Grives et bécasses aussi. Les écologistes, et même de nombreux paloumayres traditionnels, estiment qu'on se donnerait moins de mal pour lutter contre une mesure agricole si elle ne remettait pas en jeu la présence massive d'oiseaux dont les chasseurs landais profitaient abondamment depuis l'explosion de la culture intensive du maïs. Mais c'est une autre histoire... 
Le mulching n'est sans doute pas la seule cause de la baisse des effectifs. Cet automne, il y avait une glandée exceptionnelle dans toute la France, y compris dans notre région.
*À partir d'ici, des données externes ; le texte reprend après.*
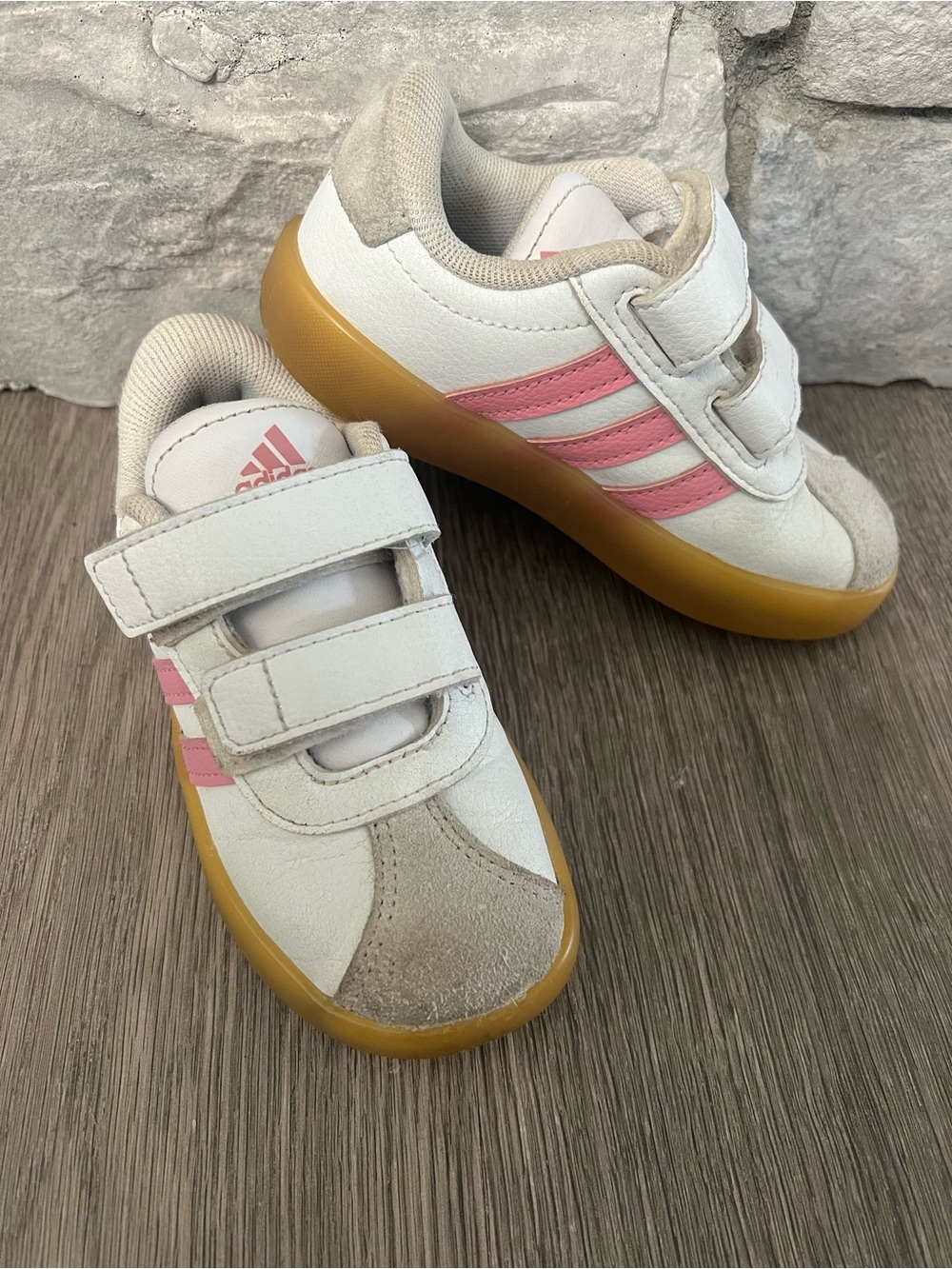 Adidas Girl’s Cream & Pink Velcro Sneakers Size 8k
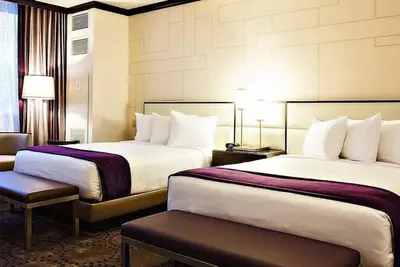 Image de 1-Bedroom Suite at a 4⭐️ Hotel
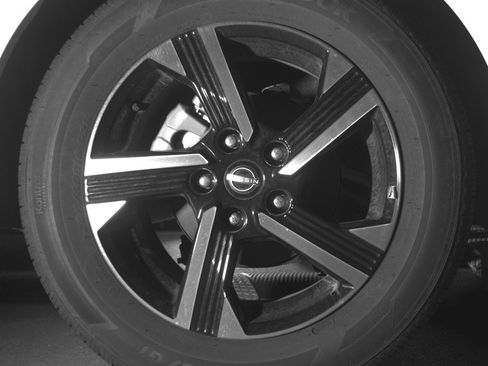 Used 2025 Nissan Sentra SV FWD image 15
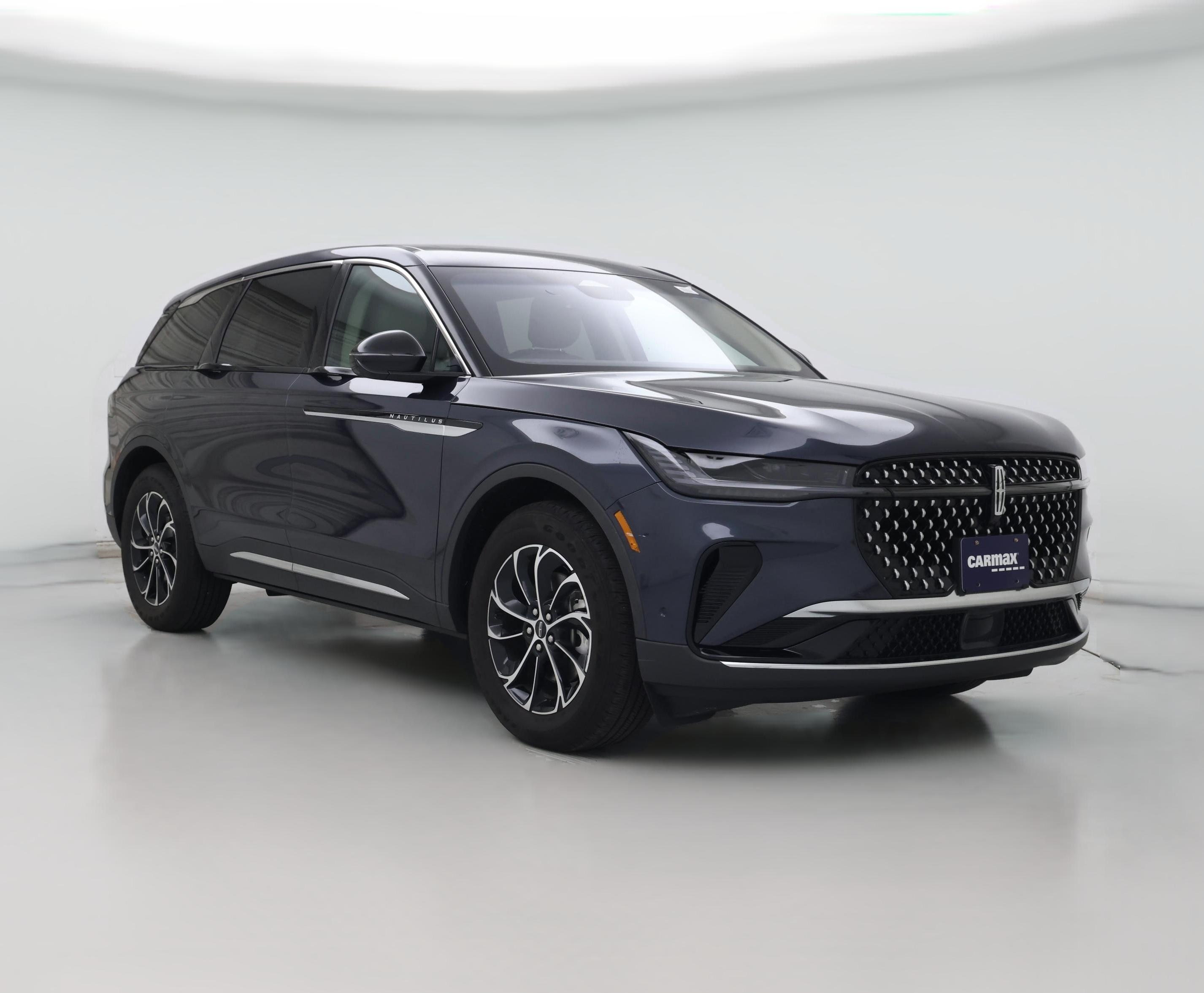 Thumbnail: 2024 Lincoln Nautilus - 1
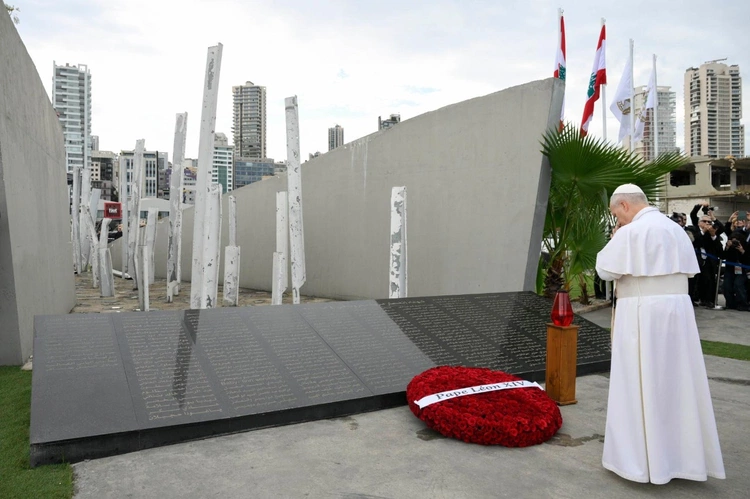 Modlitwa i łzy - Papież w miejscu wybuchu w porcie w Bejrucie
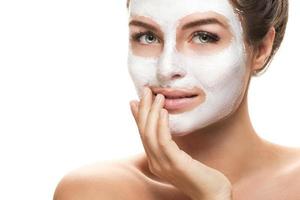 femme avec masque facial sur fond blanc photo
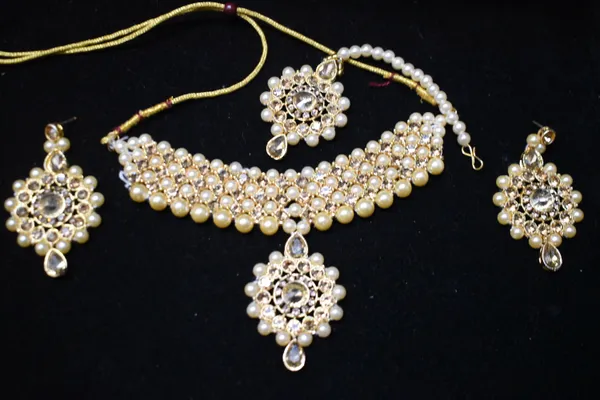 Gold_Alloy_Necklace_Set_For_Women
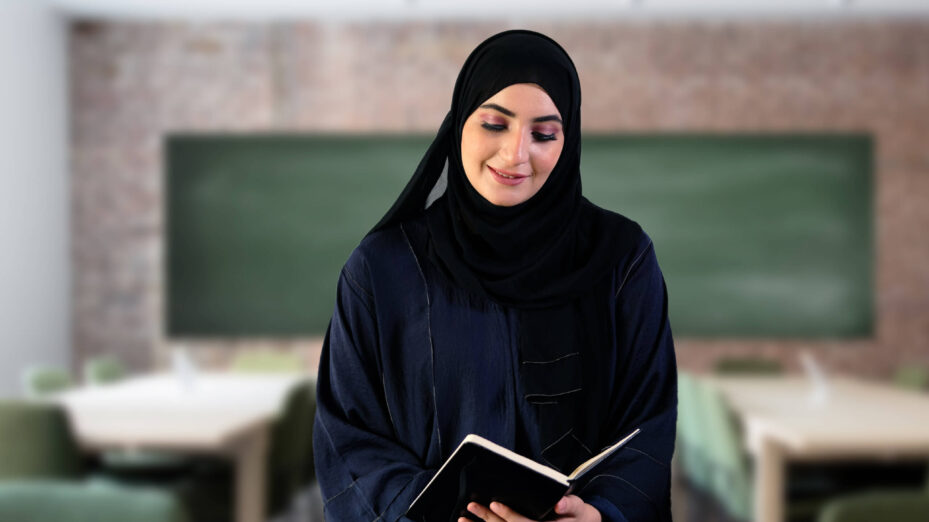 Girl,Student,Wearing,Arab,Abaya,At,A,School,Holding,Notebook
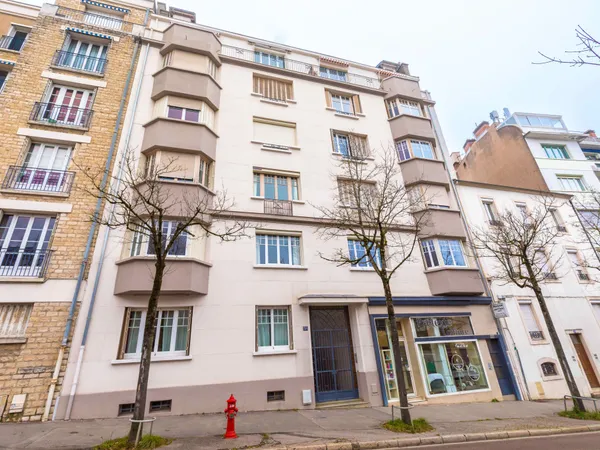 En exclusivité : Vaste appartement de type 4 dans copropriét 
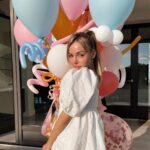 Natali Yura Instagram - Not my BD, it’s just sunny out and it’s making my heart happy 🥰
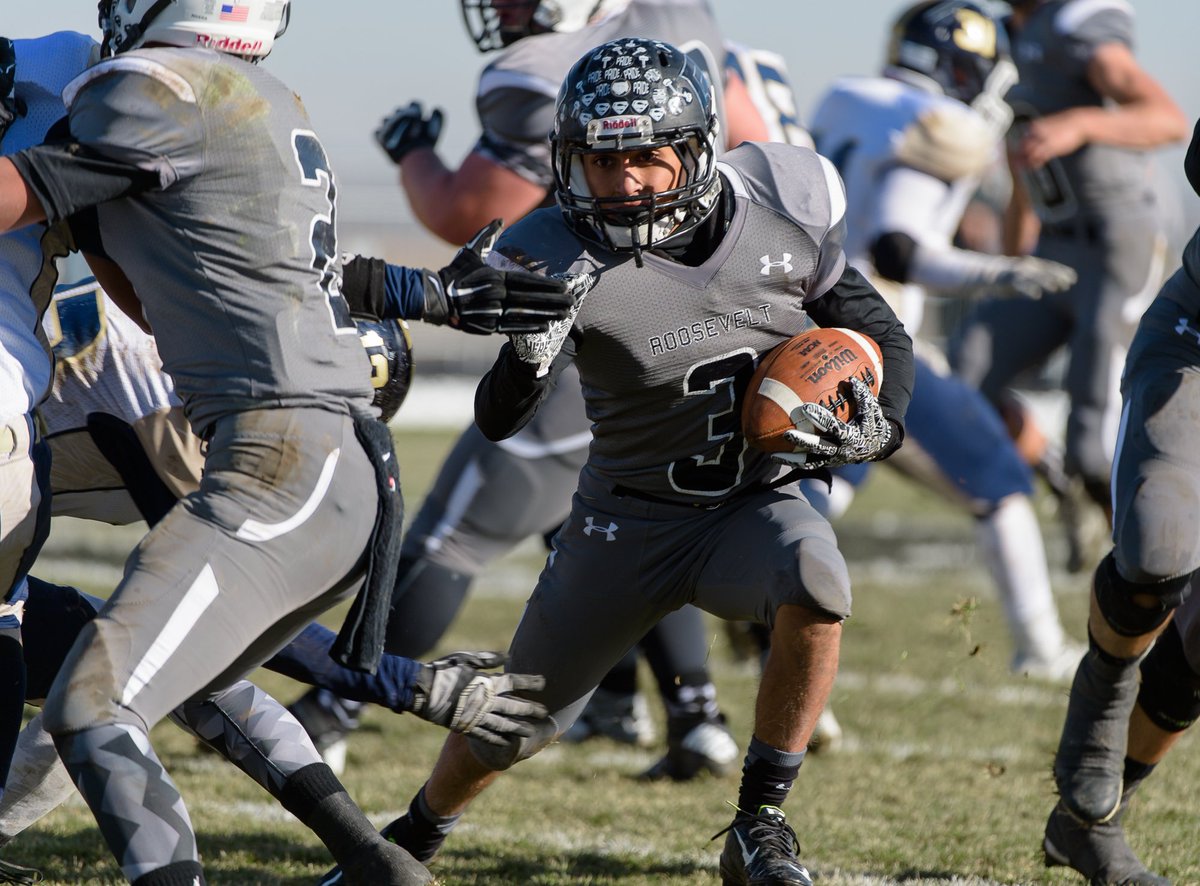 Photos (via <a href="/visser_tim/">Tim Visser</a>): <a href="/Sports_RHS/">RHS Events</a> beats Evergreen in 3A football playoffs. bit.ly/1N5W3mK #copreps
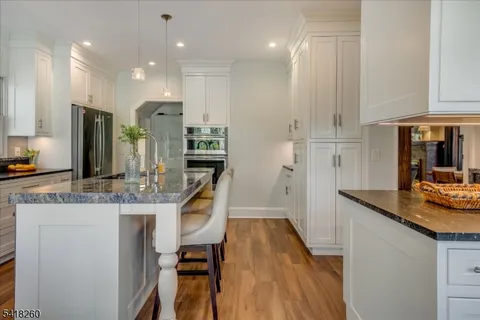 $1,995,000 | 39 Oakview Avenue, Maplewood, NJ 07040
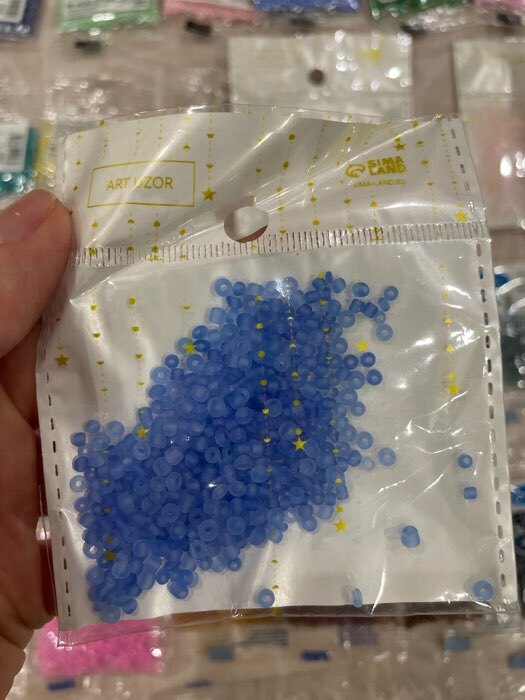 Фотография покупателя товара Бисер стекло 8/0 «Матовый полупрозрачный. Бледно-зелёный», 10 г - Фото 7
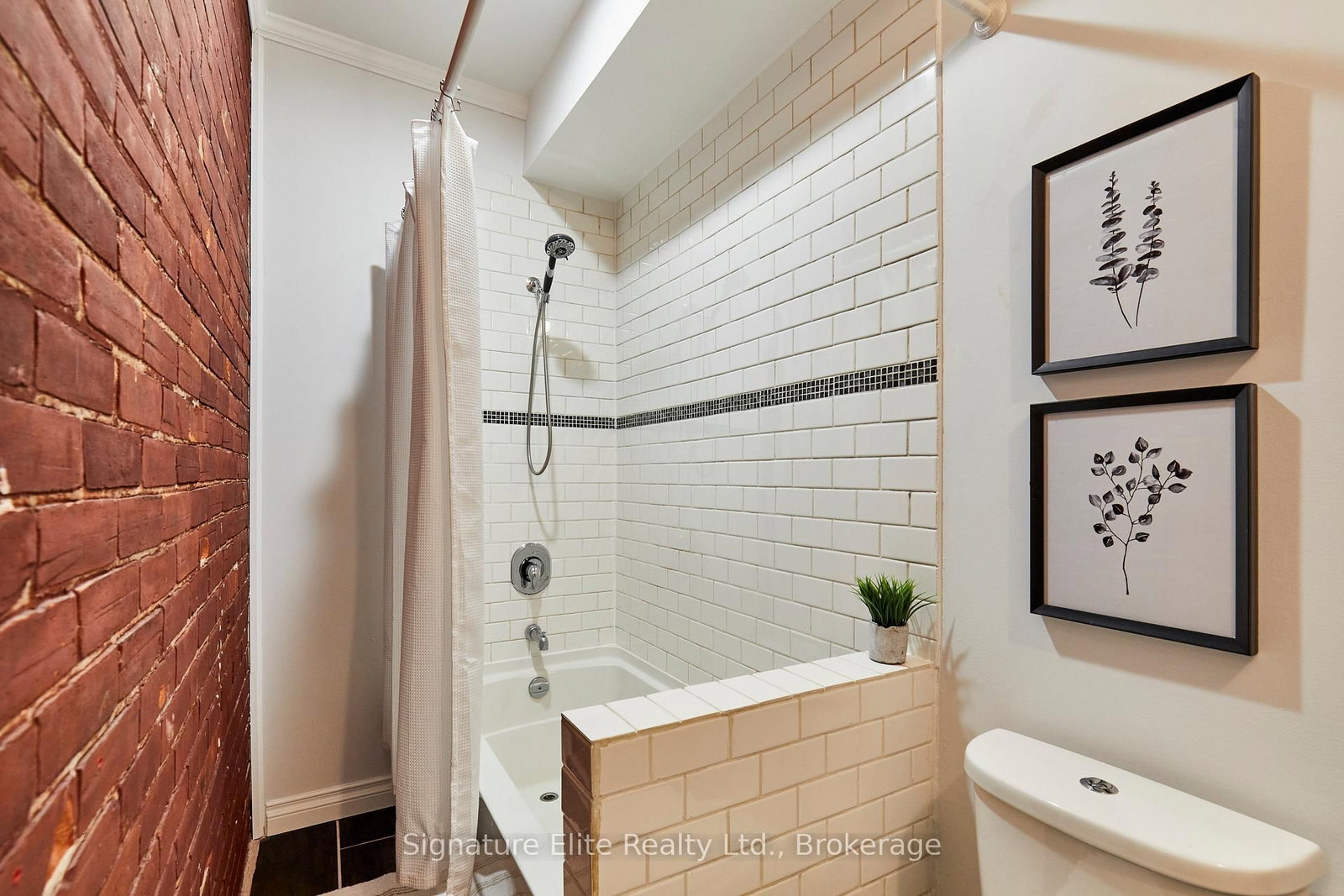 340 Pacific Avenue • Toronto, ON photo 14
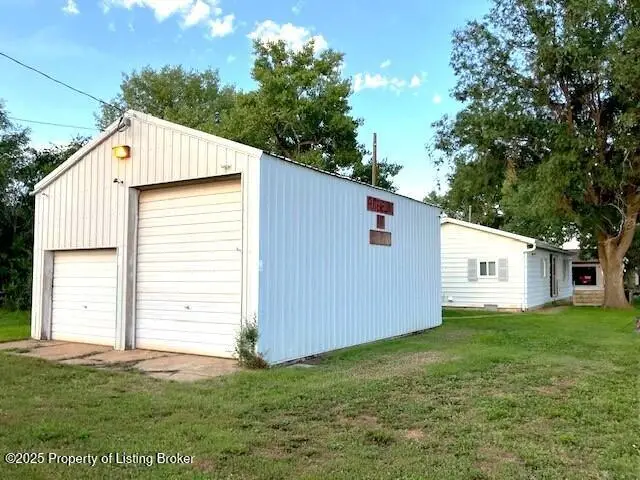 211 N Bismarck Street, Hebron, ND 58638 - #2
Il y avait même des faines en abondance en montagne, mais les palombes ne sont jamais montées les manger pendant l'hiver, comme il y a deux ans. Le garde-manger était donc bien rempli, mais les oiseaux ne sont pas venus. 
« Le même phénomène a été enregistré pour toutes les espèces migratrices cette saison », confirme Richard Beïtia, directeur des services techniques de la fédération des Pyrénées-Atlantiques. « Une bonne moitié des populations de grives, de bécasses et de canards ont également manqué à l'appel. Les palombes ont fait de même. Beaucoup sont restées en Allemagne ou dans le nord de la France. » 
Un automne plus frais nous ramènera-t-il en nombre les beaux oiseaux bleus ? Rendez-vous en octobre.